I've now bought a few other boards with closely related RAID chips to see whether one would recognize the striped array, no luck.  This is turning out to be rather an expensive (in time and hardware) service call in my IT-to-relatives hobby.

The right answer, of course, is to ensure you have backups, but that doesn't always happen.  The other thing that would have helped would have been to use software RAID and not been at the mercy of a transient hardware vendor.

I've since built a couple of big servers for my home use, around 3TB combined, using lvm and software raid and they work great.  I've even moved an array from one system to another without a hiccup, and recabled within a system to replace some drives, and the raid system figured out the changed drives and reassembled without a hitch.

I'll use software RAID exclusively in the future. And avoid mobos with RAID chips like the plague.

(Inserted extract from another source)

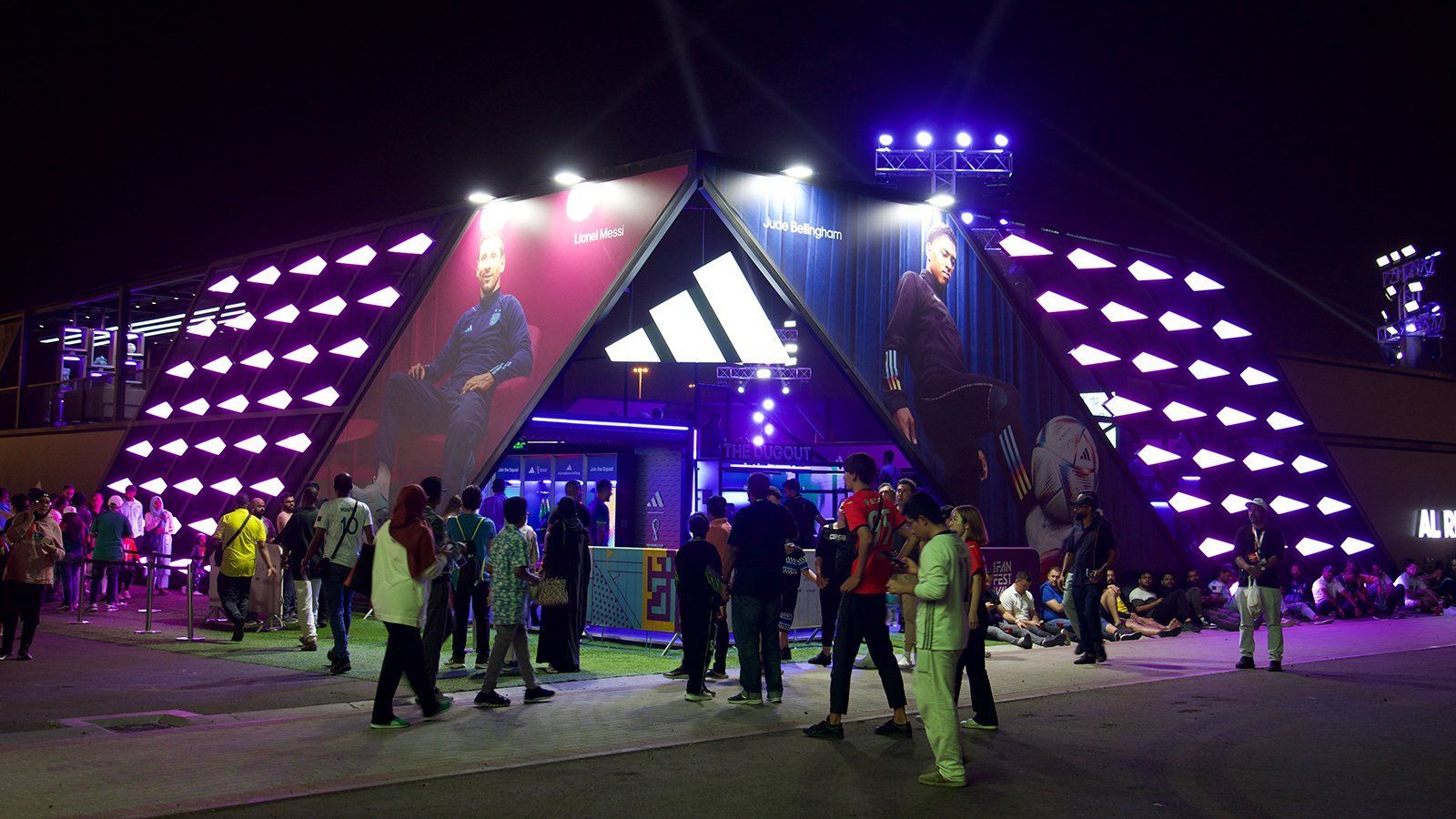 A large structure is erected from the ground with the adidas logo brightly illuminated at the top. It is dark out and vibrant blue and red color tones project from the structure and the entrance where crowds of people are walking in.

[Comments from my previous blog]


1. Mikael Gueck left...
Friday, 27 October 2006 8:47 am
One acronym: ZFS.


2. Behi left...
Friday, 27 October 2006 1:51 pm :: http://my.opera.com/behrangsa
That's so sad... Have you searched ebay? You might find a compatible motherboard there...


3. Yo left...
Saturday, 28 October 2006 6:39 pm
Suggestion, as I have had the same thing happen to me on more than one computer... hardware raid PCI card. They aren't too expensive, and unless the card craps, you can move it to another m/b and all should be fine. I too am worried as I set up 2 120GB drives in raid for video and what not. I usually reinstall Windows every so often and more than once forgot the dang drivers for the raid. One time I ended up scrapping what was on them due to a m/b failure and not able to get them working with a different m/b that I ended up buying to replace the bad one. 240GB, gone. And that's nothing compared to today's cheap drives.